It is becoming increasingly important to understand the vulnerability of
machine learning models to adversarial attacks. One of the fundamental problems
in adversarial machine learning is to quantify how much training data is needed
in the presence of evasion attacks, where data is corrupted at test time. In
this thesis, we work with the exact-in-the-ball notion of robustness and study
the feasibility of adversarially robust learning from the perspective of
learning theory, considering sample complexity.
We first explore the setting where the learner has access to random examples
only, and show that distributional assumptions are essential. We then focus on
learning problems with distributions on the input data that satisfy a Lipschitz
condition and show that robustly learning monotone conjunctions has sample
complexity at least exponential in the adversary's budget (the maximum number
of bits it can perturb on each input). However, if the adversary is restricted
to perturbing $O(\log n)$ bits, then one can robustly learn conjunctions and
decision lists w.r.t. log-Lipschitz distributions.

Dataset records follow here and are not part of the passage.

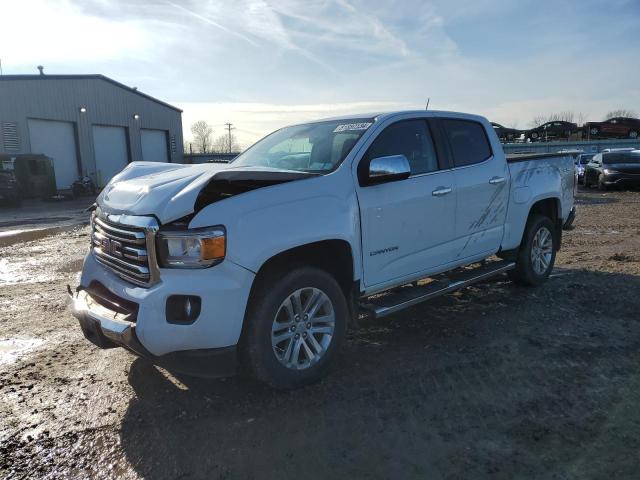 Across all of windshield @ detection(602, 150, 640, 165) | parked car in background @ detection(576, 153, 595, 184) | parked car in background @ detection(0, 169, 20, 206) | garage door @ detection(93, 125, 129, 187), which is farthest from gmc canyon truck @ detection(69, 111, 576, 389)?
garage door @ detection(93, 125, 129, 187)

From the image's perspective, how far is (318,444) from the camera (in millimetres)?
2863

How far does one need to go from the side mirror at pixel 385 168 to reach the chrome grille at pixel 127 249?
1.69 m

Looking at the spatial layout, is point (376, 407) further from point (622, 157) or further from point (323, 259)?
point (622, 157)

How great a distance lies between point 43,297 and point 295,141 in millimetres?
4041

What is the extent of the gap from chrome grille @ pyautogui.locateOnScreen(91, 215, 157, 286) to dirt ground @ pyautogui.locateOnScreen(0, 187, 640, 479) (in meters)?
0.94

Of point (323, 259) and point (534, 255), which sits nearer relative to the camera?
point (323, 259)

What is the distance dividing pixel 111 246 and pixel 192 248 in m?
0.83

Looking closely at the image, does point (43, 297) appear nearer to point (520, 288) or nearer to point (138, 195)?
point (138, 195)

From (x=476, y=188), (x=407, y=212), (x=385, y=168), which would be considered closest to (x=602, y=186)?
(x=476, y=188)

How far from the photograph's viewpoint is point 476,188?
480 cm

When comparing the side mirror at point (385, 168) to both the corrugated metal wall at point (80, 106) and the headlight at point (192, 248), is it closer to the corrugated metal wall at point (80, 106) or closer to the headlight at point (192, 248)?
the headlight at point (192, 248)

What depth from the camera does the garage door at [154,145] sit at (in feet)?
116

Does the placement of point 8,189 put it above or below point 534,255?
above

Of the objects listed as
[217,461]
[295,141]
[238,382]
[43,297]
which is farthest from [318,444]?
[43,297] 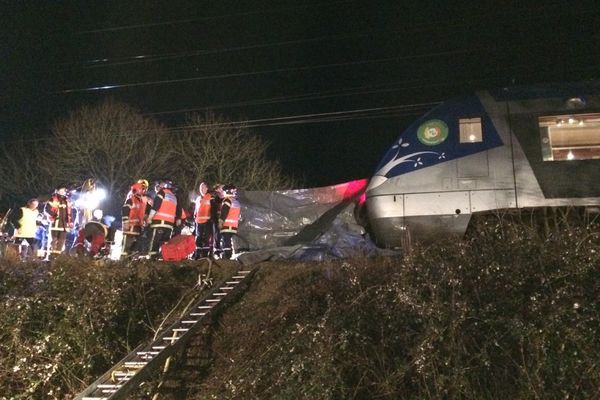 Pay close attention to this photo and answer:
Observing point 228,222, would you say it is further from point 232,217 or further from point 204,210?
point 204,210

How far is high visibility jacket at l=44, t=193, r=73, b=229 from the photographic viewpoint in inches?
474

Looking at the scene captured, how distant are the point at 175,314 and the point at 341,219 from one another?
484cm

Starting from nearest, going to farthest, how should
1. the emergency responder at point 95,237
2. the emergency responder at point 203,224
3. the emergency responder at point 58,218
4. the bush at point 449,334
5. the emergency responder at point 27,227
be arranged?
1. the bush at point 449,334
2. the emergency responder at point 203,224
3. the emergency responder at point 95,237
4. the emergency responder at point 58,218
5. the emergency responder at point 27,227

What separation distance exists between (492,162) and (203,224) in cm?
597

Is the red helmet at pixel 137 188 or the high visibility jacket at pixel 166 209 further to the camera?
the red helmet at pixel 137 188

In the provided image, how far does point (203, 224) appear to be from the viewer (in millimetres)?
11656

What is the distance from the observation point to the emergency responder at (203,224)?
37.6ft

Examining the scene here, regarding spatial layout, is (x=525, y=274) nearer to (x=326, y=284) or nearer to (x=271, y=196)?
(x=326, y=284)

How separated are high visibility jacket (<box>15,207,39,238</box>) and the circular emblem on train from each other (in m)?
9.01

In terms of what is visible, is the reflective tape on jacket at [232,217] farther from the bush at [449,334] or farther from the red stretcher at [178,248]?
the bush at [449,334]

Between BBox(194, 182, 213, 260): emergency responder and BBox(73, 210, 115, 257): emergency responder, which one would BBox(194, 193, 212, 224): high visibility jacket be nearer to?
BBox(194, 182, 213, 260): emergency responder

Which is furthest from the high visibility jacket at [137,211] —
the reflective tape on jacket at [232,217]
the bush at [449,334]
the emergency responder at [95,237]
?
the bush at [449,334]

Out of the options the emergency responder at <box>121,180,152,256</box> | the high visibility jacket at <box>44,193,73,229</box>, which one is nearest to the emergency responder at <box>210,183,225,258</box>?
the emergency responder at <box>121,180,152,256</box>

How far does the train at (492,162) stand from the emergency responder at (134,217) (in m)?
4.98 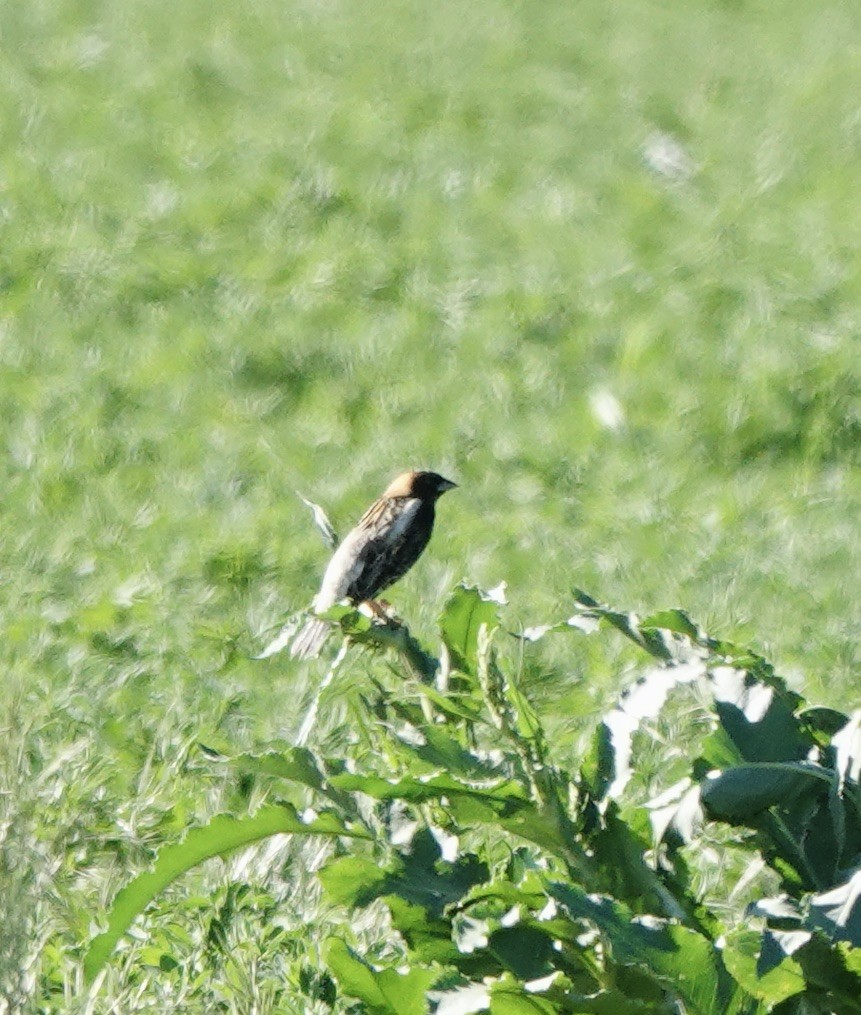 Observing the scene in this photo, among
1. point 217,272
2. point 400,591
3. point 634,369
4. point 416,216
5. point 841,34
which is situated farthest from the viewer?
point 841,34

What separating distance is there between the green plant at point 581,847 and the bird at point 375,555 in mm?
2048

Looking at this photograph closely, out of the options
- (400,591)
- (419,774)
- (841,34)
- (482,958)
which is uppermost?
(419,774)

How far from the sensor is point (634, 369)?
8.58m

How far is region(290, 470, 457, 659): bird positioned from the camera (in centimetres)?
548

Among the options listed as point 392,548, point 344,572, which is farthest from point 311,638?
point 392,548

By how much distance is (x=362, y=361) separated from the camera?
28.5 feet

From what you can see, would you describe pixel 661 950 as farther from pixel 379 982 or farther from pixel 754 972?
pixel 379 982

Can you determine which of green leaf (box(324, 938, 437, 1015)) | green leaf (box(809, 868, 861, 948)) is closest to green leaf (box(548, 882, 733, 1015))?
green leaf (box(809, 868, 861, 948))

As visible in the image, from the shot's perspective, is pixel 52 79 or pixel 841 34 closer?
pixel 52 79

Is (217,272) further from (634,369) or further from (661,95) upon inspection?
(661,95)

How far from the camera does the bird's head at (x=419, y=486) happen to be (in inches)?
236

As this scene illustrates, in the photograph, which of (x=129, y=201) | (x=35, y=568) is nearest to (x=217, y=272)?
(x=129, y=201)

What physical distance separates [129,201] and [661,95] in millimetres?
3539

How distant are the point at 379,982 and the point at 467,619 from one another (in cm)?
64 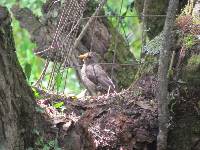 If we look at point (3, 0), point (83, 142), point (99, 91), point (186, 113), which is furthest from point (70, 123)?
point (3, 0)

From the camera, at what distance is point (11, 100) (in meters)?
3.79

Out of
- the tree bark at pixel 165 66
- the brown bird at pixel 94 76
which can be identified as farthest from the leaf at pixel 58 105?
the brown bird at pixel 94 76

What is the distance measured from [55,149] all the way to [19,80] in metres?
0.66

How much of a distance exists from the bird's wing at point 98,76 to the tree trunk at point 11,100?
3156 mm

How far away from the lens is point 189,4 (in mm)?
5414

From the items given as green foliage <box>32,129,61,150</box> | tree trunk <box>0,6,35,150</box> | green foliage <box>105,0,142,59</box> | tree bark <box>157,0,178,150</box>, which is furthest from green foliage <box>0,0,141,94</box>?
tree bark <box>157,0,178,150</box>

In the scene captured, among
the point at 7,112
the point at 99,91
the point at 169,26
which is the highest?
the point at 169,26

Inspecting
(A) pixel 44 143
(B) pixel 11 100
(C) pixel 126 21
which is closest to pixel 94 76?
(C) pixel 126 21

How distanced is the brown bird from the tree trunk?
3073mm

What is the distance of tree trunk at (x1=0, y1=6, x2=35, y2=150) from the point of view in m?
3.71

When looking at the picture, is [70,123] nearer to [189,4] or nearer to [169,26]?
[169,26]

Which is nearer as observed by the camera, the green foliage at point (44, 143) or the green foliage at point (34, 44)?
the green foliage at point (44, 143)

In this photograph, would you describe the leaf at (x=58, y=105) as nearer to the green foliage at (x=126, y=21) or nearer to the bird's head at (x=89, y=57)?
the green foliage at (x=126, y=21)

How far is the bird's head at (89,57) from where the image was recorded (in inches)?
282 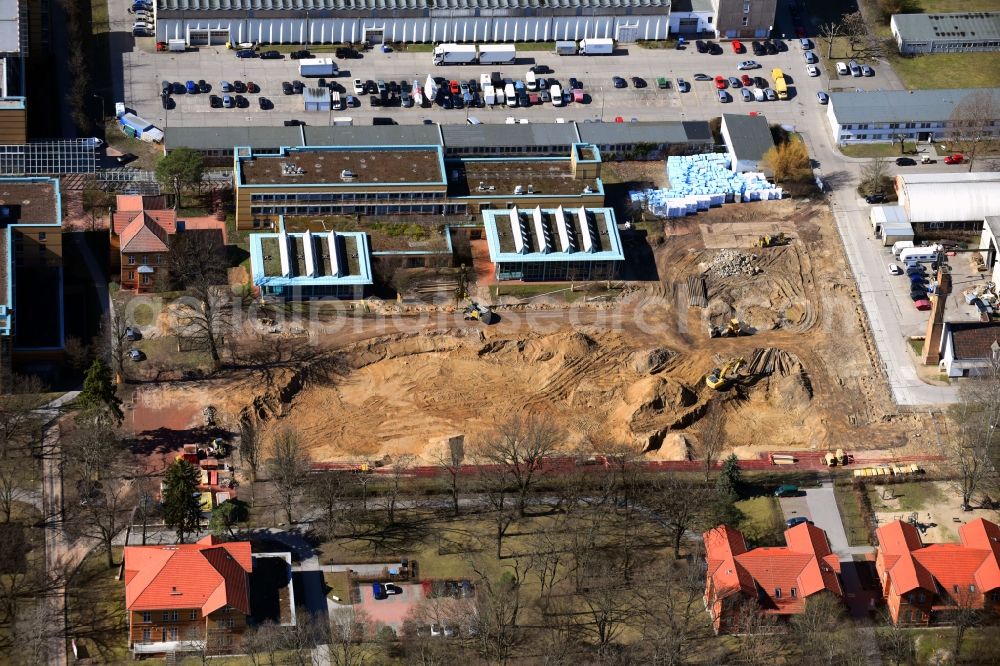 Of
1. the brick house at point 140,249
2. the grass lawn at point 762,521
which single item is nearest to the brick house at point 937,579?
the grass lawn at point 762,521

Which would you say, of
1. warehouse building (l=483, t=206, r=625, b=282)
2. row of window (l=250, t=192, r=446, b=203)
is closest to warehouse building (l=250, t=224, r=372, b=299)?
row of window (l=250, t=192, r=446, b=203)

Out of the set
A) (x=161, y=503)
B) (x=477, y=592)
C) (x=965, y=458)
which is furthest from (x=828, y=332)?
(x=161, y=503)

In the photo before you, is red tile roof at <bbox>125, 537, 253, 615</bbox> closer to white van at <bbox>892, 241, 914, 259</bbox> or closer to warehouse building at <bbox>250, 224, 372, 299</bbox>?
Result: warehouse building at <bbox>250, 224, 372, 299</bbox>

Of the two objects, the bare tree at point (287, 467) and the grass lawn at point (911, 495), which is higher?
the bare tree at point (287, 467)

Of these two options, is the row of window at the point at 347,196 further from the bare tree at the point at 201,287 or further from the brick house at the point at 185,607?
the brick house at the point at 185,607

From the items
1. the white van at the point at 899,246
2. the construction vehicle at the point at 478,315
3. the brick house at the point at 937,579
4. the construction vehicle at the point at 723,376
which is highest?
the white van at the point at 899,246

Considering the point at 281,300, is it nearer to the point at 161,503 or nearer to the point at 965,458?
the point at 161,503

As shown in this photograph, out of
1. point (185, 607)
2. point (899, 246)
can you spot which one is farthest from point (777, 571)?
point (899, 246) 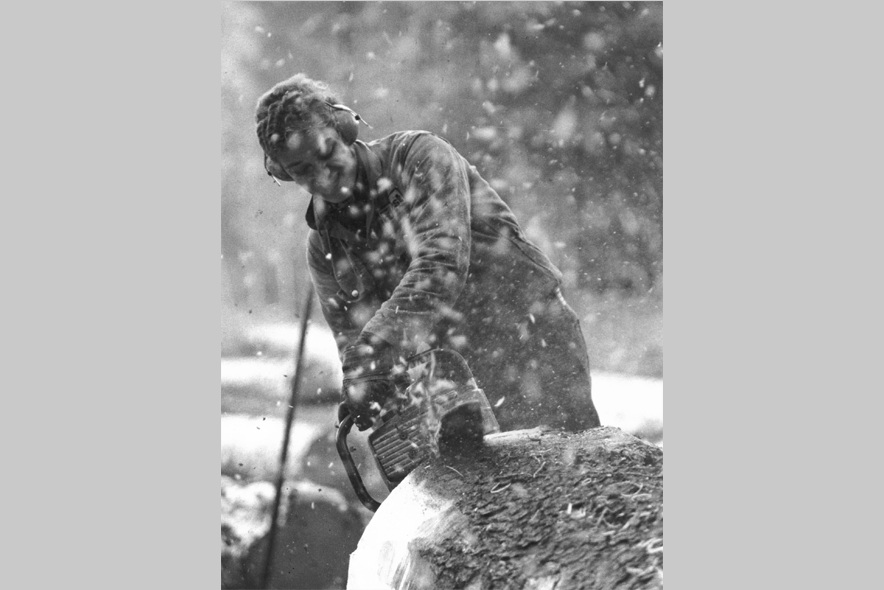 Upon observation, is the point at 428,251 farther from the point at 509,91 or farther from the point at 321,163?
the point at 509,91

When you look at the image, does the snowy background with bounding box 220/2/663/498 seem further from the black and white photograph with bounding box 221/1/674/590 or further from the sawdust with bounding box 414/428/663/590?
the sawdust with bounding box 414/428/663/590

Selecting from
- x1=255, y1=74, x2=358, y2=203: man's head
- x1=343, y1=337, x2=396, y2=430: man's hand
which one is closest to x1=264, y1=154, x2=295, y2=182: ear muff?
x1=255, y1=74, x2=358, y2=203: man's head

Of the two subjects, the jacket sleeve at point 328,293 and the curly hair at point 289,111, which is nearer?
the curly hair at point 289,111

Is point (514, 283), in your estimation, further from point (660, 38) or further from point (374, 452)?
point (660, 38)

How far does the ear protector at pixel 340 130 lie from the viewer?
292cm

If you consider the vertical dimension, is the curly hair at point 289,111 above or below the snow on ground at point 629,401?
above

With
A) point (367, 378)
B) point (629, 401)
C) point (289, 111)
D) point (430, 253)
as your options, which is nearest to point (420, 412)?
point (367, 378)

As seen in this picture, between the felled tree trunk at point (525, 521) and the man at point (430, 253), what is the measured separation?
0.21 metres

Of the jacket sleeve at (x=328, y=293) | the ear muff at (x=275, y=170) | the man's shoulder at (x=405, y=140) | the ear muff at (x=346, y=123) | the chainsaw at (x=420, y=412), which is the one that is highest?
the ear muff at (x=346, y=123)

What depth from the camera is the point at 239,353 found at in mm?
3006

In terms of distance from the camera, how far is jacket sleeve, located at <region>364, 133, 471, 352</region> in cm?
278

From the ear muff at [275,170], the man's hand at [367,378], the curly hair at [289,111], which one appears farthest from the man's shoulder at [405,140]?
the man's hand at [367,378]

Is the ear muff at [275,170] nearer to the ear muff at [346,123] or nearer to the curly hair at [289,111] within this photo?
the curly hair at [289,111]

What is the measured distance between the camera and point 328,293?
3.04m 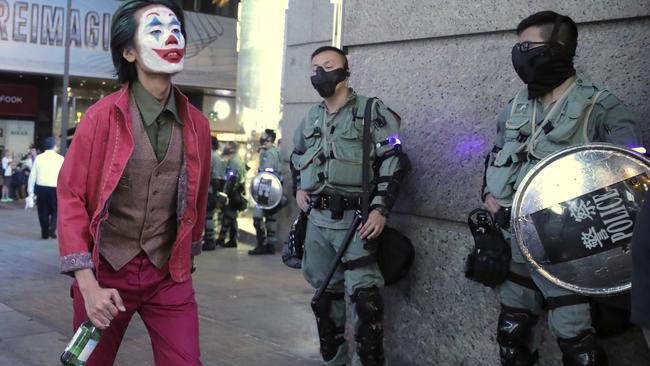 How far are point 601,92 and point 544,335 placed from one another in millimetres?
Result: 1329

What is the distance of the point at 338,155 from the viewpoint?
4641mm

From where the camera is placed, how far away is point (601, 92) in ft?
11.6

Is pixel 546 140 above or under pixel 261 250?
above

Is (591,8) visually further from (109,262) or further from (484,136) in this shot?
(109,262)

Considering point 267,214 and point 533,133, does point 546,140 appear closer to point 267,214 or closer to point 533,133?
point 533,133

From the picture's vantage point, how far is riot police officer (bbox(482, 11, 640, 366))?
3434 millimetres

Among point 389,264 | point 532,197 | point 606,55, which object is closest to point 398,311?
point 389,264

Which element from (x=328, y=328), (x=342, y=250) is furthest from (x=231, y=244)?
(x=342, y=250)

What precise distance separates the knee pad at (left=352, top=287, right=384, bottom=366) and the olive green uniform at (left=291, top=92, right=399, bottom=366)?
0.8 inches

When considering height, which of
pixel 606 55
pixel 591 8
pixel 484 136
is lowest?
pixel 484 136

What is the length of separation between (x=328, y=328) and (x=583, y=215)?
2.04m

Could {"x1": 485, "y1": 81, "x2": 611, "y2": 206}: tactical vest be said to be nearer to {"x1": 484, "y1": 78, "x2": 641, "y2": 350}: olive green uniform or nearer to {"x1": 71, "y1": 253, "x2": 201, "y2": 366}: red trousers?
{"x1": 484, "y1": 78, "x2": 641, "y2": 350}: olive green uniform

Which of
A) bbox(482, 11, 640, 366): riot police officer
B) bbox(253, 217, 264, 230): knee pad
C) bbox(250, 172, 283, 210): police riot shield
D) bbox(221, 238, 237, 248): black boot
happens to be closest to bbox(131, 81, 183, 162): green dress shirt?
bbox(482, 11, 640, 366): riot police officer

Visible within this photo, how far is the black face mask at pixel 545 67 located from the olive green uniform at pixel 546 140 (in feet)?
0.26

We then study learning models where the learner is given more power. We first
consider local membership queries, where the learner can query the label of
points near the training sample. We show that, under the uniform distribution,
the exponential dependence on the adversary's budget to robustly learn
conjunctions remains inevitable. We then introduce a local equivalence query
oracle, which returns whether the hypothesis and target concept agree in a
given region around a point in the training sample, and a counterexample if it
exists. We show that if the query radius is equal to the adversary's budget, we
can develop robust empirical risk minimization algorithms in the
distribution-free setting. We give general query complexity upper and lower
bounds, as well as for concrete concept classes.